§ ASSIGNMENT
Only the lines below starting at the one containing "Photo 2 of 3×3" and ending at the one containing "Cromos de F&uacute;tbol: TO&Ntilde;O, LEVANTE" belong in the answer, each copied exactly.
━━ DATA EXCERPTS ━━
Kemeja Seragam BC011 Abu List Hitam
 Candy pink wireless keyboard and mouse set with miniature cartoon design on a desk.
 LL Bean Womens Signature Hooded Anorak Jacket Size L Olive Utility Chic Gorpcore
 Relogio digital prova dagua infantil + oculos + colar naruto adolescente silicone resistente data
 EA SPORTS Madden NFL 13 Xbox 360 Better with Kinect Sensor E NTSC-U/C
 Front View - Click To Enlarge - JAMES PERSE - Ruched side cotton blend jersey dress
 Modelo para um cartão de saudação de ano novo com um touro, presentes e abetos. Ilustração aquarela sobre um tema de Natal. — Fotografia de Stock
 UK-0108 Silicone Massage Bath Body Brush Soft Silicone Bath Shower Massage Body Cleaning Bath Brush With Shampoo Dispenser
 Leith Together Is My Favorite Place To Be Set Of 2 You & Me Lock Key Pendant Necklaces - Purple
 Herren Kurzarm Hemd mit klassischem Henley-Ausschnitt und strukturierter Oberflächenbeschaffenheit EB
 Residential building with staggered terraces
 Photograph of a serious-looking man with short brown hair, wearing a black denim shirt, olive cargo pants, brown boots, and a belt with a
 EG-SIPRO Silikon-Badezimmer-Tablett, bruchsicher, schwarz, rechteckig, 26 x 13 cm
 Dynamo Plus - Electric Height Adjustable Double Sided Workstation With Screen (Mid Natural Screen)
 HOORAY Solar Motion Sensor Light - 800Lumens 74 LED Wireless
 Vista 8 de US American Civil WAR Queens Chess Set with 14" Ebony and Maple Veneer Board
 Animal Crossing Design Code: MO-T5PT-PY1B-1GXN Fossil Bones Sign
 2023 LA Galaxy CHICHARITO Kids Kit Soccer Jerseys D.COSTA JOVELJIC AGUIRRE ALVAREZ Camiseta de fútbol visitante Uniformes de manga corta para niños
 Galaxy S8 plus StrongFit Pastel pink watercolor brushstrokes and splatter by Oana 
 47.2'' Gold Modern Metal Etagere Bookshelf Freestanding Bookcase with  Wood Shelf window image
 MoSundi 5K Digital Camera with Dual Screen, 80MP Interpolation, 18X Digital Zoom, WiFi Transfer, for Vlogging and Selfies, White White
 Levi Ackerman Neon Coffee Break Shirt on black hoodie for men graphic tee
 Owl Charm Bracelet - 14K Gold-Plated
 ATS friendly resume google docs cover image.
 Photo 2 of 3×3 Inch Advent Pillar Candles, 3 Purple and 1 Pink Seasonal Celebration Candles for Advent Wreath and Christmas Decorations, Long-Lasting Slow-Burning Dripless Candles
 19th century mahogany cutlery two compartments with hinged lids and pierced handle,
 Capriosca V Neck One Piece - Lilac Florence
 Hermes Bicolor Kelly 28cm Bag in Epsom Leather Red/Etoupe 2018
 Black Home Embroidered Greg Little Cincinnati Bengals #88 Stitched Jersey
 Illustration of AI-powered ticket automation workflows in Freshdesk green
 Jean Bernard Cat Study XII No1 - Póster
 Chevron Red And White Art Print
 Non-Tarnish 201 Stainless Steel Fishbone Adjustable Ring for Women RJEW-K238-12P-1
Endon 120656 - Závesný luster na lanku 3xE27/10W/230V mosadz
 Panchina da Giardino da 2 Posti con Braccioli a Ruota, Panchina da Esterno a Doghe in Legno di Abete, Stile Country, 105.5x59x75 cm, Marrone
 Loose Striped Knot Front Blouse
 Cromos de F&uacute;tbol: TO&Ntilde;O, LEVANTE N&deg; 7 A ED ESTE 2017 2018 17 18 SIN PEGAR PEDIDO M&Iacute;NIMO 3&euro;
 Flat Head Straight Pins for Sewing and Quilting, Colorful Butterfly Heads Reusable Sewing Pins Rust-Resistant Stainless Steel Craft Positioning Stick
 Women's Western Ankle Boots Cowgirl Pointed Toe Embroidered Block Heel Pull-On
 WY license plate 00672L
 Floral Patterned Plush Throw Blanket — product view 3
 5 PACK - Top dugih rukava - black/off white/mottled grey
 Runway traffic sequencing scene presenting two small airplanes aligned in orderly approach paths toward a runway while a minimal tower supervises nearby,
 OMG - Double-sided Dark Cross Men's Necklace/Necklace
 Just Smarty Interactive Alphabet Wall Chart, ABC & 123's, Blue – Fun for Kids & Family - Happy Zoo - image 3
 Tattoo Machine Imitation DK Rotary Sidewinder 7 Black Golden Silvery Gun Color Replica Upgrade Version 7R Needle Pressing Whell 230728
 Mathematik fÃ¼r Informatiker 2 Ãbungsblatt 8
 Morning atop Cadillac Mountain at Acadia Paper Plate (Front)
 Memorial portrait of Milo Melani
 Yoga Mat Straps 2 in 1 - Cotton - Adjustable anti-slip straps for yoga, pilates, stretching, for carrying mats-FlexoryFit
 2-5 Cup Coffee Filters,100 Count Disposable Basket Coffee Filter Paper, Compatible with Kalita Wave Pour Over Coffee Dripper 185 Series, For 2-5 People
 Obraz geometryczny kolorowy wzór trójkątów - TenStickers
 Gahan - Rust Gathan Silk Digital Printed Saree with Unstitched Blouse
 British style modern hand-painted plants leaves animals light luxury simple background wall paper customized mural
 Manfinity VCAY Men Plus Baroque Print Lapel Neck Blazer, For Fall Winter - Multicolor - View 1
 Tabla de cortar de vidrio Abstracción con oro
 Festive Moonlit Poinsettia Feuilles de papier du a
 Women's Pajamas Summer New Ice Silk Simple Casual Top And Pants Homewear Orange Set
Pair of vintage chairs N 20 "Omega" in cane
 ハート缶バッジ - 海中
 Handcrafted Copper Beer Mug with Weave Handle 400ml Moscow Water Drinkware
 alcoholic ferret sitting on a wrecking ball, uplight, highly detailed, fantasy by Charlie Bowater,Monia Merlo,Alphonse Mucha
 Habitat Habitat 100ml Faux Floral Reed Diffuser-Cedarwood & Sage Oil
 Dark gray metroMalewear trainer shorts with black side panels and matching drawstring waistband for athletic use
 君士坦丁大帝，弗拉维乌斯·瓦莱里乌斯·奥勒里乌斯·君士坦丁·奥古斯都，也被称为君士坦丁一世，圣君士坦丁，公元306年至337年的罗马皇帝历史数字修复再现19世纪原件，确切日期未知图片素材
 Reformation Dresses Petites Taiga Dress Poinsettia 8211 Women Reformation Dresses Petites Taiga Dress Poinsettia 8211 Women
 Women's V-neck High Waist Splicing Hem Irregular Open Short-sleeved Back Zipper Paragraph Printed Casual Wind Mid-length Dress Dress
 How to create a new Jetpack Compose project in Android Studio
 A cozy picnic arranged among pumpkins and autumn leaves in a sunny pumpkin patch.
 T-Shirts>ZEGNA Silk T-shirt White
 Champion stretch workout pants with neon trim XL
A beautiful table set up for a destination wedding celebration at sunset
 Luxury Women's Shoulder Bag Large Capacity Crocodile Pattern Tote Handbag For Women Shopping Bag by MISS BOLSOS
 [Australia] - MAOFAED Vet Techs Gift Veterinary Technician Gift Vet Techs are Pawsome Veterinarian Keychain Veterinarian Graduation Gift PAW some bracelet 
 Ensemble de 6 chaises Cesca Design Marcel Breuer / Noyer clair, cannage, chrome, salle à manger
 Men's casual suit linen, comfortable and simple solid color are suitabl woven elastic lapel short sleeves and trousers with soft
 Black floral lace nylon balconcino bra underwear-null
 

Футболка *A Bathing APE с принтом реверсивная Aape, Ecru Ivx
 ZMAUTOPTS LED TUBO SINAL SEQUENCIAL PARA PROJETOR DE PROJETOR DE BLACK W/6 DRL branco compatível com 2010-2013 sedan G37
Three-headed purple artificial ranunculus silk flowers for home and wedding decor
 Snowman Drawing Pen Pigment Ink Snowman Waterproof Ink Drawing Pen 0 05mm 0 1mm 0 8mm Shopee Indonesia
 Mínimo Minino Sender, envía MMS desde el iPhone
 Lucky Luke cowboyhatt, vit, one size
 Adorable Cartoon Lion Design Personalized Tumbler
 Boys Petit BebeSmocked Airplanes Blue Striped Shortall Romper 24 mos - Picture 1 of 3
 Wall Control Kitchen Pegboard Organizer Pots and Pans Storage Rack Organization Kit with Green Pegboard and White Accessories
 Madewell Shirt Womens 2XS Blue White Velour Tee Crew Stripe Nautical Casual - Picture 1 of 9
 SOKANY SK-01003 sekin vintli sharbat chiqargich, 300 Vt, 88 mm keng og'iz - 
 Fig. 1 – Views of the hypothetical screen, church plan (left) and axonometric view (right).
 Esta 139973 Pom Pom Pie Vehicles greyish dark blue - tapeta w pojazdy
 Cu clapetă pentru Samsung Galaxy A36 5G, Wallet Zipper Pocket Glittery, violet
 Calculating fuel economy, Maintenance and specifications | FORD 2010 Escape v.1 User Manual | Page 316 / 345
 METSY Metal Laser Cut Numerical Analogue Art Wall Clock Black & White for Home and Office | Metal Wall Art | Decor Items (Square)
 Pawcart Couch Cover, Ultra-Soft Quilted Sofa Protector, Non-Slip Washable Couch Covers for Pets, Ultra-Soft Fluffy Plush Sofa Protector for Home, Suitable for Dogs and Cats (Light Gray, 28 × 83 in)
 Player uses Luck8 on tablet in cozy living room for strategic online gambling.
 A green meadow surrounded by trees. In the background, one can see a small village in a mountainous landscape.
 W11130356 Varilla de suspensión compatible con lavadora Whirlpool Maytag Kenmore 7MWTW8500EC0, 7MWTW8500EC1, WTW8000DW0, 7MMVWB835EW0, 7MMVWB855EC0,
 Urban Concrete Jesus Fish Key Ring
━━━
§ RESPONSE
 Photo 2 of 3×3 Inch Advent Pillar Candles, 3 Purple and 1 Pink Seasonal Celebration Candles for Advent Wreath and Christmas Decorations, Long-Lasting Slow-Burning Dripless Candles
 19th century mahogany cutlery two compartments with hinged lids and pierced handle,
 Capriosca V Neck One Piece - Lilac Florence
 Hermes Bicolor Kelly 28cm Bag in Epsom Leather Red/Etoupe 2018
 Black Home Embroidered Greg Little Cincinnati Bengals #88 Stitched Jersey
 Illustration of AI-powered ticket automation workflows in Freshdesk green
 Jean Bernard Cat Study XII No1 - Póster
 Chevron Red And White Art Print
 Non-Tarnish 201 Stainless Steel Fishbone Adjustable Ring for Women RJEW-K238-12P-1
Endon 120656 - Závesný luster na lanku 3xE27/10W/230V mosadz
 Panchina da Giardino da 2 Posti con Braccioli a Ruota, Panchina da Esterno a Doghe in Legno di Abete, Stile Country, 105.5x59x75 cm, Marrone
 Loose Striped Knot Front Blouse
 Cromos de F&uacute;tbol: TO&Ntilde;O, LEVANTE N&deg; 7 A ED ESTE 2017 2018 17 18 SIN PEGAR PEDIDO M&Iacute;NIMO 3&euro;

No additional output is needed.